Is a ramen western film therefore a western movie made in Japan with Japanese actors and an American star? Why yes, yes it is (essentially) according to the film titled Tampopo directed by Itami Jūzō in 1985. Specifically, the introductory shot of the film which is an overview of Tampopo’s ramen shop, visually embodies and represents the ramen western genre in three particular manners. First off, the color scheme contrast in the clothing of the actors highlights the typical good versus evil Western theme. That is to say, Goro’s and Gun’s white clothing versus the dark clothing of Pisken and his four thugs figuratively speaking, equals good and righteousness versus evil and villainy, Western morality in a nutshell. The Western ideal of chivalry is also exhibited in the scene at hand via Goro’s defense of Tabo and Tampopo. The defense of women and children (especially of women) is a trademark theme of the spaghetti western.
Also, Tampopo’s ramen western nature is further made evident by the shot’s music choice. For instance, the second Goro and Gun step into Tampopo’s ramen shop, a dramatic crescendo plays reminiscent of the American old west as it is portrayed in 1960s and 1970s film. This crescendo in the moment of its rendition transforms the ramen shop into a hostile western saloon. Accordingly, the setting is overrun with unwelcoming shadows, and the camera’s curt transitioning style foreshadows social antagonism and conflict. In addition, take note that the camera is quite stationary in the lateral sense throughout the scene. Its inactivity and/or limited movement that is carefully slow and steady, conveys a sense of caution and alarm that accurately invokes the iconic Western theme of violence. Furthermore, the ramen shop’s saloon-like nature is enhanced when Goro flings a naruto piece at Pisken in a pistol-wielding manner. Ready. Draw. Shoot.

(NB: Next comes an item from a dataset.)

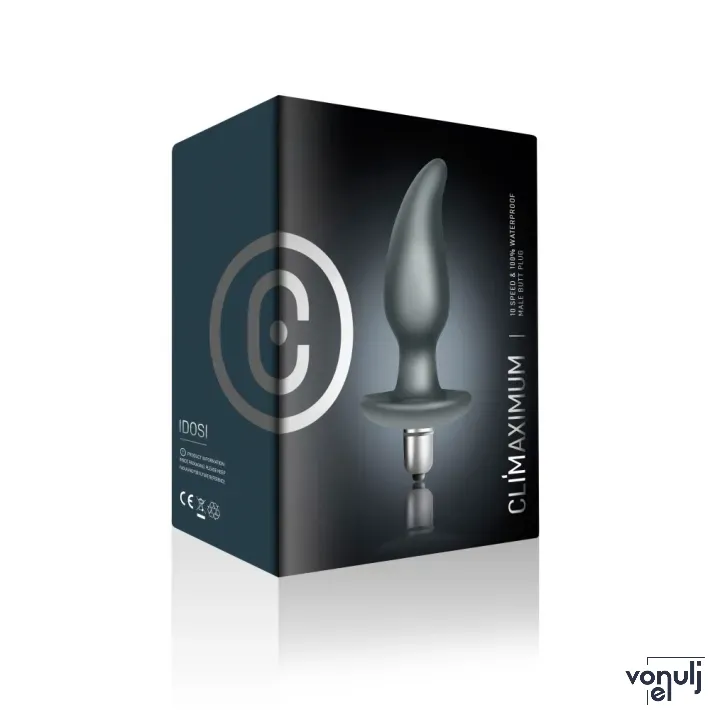 Prosztata vibrátor Rocks-off Climaximum Idosi Grey - elemes,vízálló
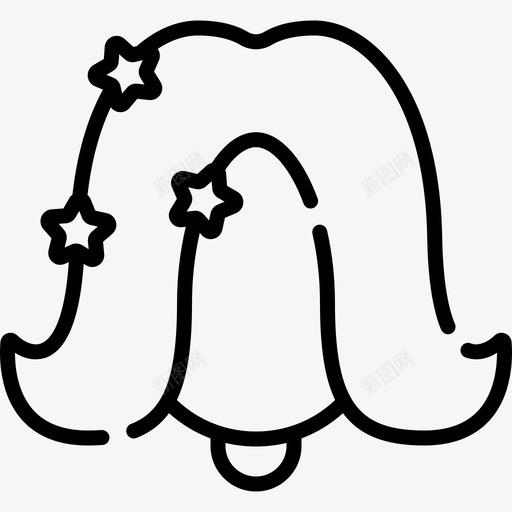 WIGMARDIGRAS12线性图标svg_新图网 https://ixintu.com GRAS MARDI WIG 线性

Last but not least, where is the American star in Tampopo? Answer: Goro. Mainly, Goro’s “Americaness” is stereotypically indexed by his cowboy-like garb. Also, his trucker occupation is Western/American that is to say, foreign and exotic.
All in all, the film titled Tampopo (1985) directed by Itami Jūzō in many ways and instances is a Japanese rendition of the West be it comical or serious. Its ramen western attitude is a double-edged sword in fact. That is to say, Tampopo comically plays on western cultural symbols but the fact that the film’s main focus is the West exalts the West and shadows Japanese culture. Elaborating on the later point, the West, knowledge and familiarity of the West is a source of power in the film. Nonetheless, it is also a potentially destructive essence when not handled and carried out correctly (reference to the film’s French dining scene). Altogether, Tampopo’s great regard of the West (negative or positive) as a ramen western film is a comment on Japan’s past cultural insularity. Before, Japan knew something and knew nothing of the West.